Grüne, Warken, TKSE

Köln: Grüne kritisieren Bürgergeldreform und legen eigene Vorschläge vor

Köln: Grüne kritisieren Bürgergeldreform und legen eigene Vorschläge vor
Foto: Bundesagentur für Arbeit (Archiv), via dts Nachrichtenagentur

Der Feierabendverkehr rollt durch die Straßen von Köln, der Regen fällt leicht und die Nachrichtenlage macht heute Schlag auf Schlag. Vor der Bundestagsdebatte geht es um die Pläne zur Bürgergeld-Neuausrichtung, während in Düsseldorf und Essen Reformpläne diskutiert werden. Drei Meldungen prägen den Tag: Grüne fordern Gegenentwürfe, Warken will Zugang zu Fachärzten regeln und IG Metall warnt vor weiteren Stellenstreichungen.

Grüne fordern Gegenentwürfe

Vor der ersten Bundestagsdebatte kritisieren die Grünen die Pläne der Bundesregierung zur Umstellung des Bürgergelds auf die geplante neue Grundsicherung scharf und legen eigene Vorschläge vor. „Die neue Grundsicherung ist geprägt von einem regelrechten Sanktionsfetischismus und lebt von der Methode Merz: Angst verbreiten“, sagte der Sozialpolitiker Timon Dzienus (Grüne) dem Nachrichtenportal. Es handle sich um „eine sozialpolitische Bruchlandung“. Die Regierung habe es „mit den Sanktionen maßlos übertrieben“.

Sie fordern eine Grundsicherung, die das Existenzminimum garantiert und auf Vertrauen, Qualifizierung und individuelle Unterstützung setzt. Die aktuellen Leistungen decken laut Antrag nicht mehr das Existenzminimum ab. Die Neuberechnung der Regelsätze sei dringend nötig; Regelsätze müssten auch zukünftig einen Inflationspuffer enthalten, damit im Dezember das Existenzminimum nicht unterschritten wird.

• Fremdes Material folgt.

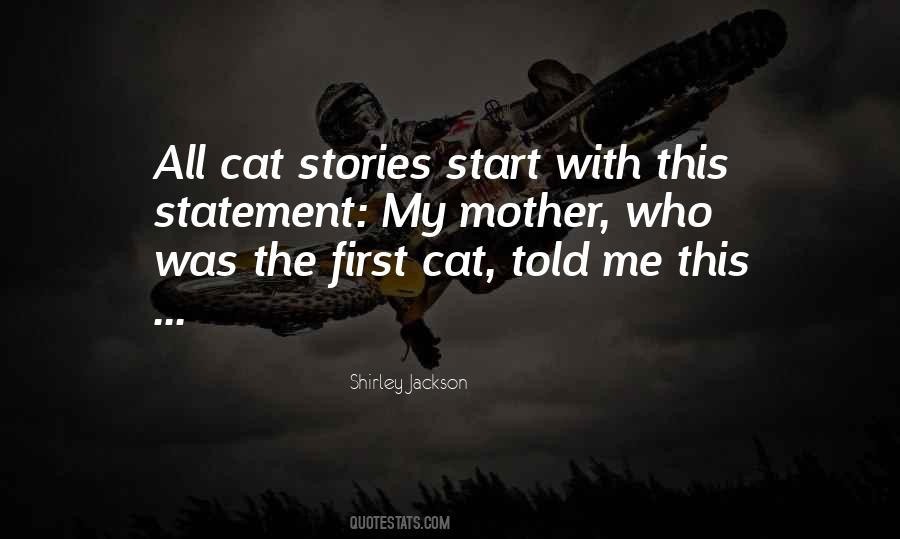 Mother Told Me Quotes #89201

Um Geld zu sparen, sanktionieren wir Mietwucher statt die Menschen in den Wohnungen, sagte Dzienus weiter. Wer beim Bürgergeld Geld sparen wolle, sorge für bezahlbare Mieten. Davon profitierten am Ende alle – auch der Staatshaushalt, argumentiert er.

Fachärzte-Zugang wird reguliert

Die Gesundheitsministerin Nina Warken (CDU) kündigte eine Reform der Primärversorgung an. Kernstück ist das Ende des freien Zugangs zum Facharzt. „Wir planen eine große Reform der Primärversorgung“, sagte Warken der Frankfurter Allgemeinen Zeitung (Donnerstagausgabe). „Dann wird nicht mehr jeder direkt zum Facharzt gehen können und nicht mehr zu so vielen Ärzten, wie er oder sie möchte.“

Um teure Doppelbehandlungen zu vermeiden, sollen die Hausärzte die erste Anlaufstation sein. „Der öffnet dann die Tür zum Facharzt, für den es eine Termingarantie geben wird entsprechend der Notwendigkeit“, kündigte sie an. Für Patienten, die ohne Überweisung zum Facharzt gehen, könnte es teurer werden. „Wer sich an die Patientensteuerung hält, könnte einen Bonus erhalten, wer einfach so zum Facharzt geht, könnte eine Gebühr bezahlen müssen“, sagte Warken. Gegebenenfalls könne eine Leistung, die nicht den Empfehlungen der Primärversorger entspricht, nicht abgerechnet werden, sondern müsse vom Patienten bezahlt werden. Bis zur Sommerpause will Warken einen Referentenentwurf vorlegen; das Gesetz soll 2028 greifen.

Ein Hammer-Regel-Statement: „Ein teurer Fehler.“

IG Metall warnt vor TKSE-Stellenabbau

Die IG Metall warnte davor, dass bei Thyssenkrupp Steel Europe (TKSE) mehr als die bislang vereinbarten 11.000 Stellen gestrichen werden könnten. „Für uns sind die Vereinbarungen des Sanierungstarifvertrages unantastbar“, sagte Knut Giesler, Bezirksleiter der IG Metall, der Rheinischen Post (Mittwochausgabe).

Das indische Unternehmen Jindal prüft derzeit die Bücher von TKSE. „Der Due-Diligence-Prozess ist noch nicht abgeschlossen, und wir haben mit dem Verkäufer eine Vertraulichkeitsvereinbarung getroffen“, sagte eine Unternehmenssprecherin der Zeitung. „Wir bitten daher um Verständnis, dass wir bis zum Abschluss der Verhandlungen keine Stellung zu konkreten Details nehmen können.“ Thyssenkrupp bestätigte, dass man sich in vertraulichen Gesprächen befindet und zu einzelnen Aussagen noch nichts sagen könne.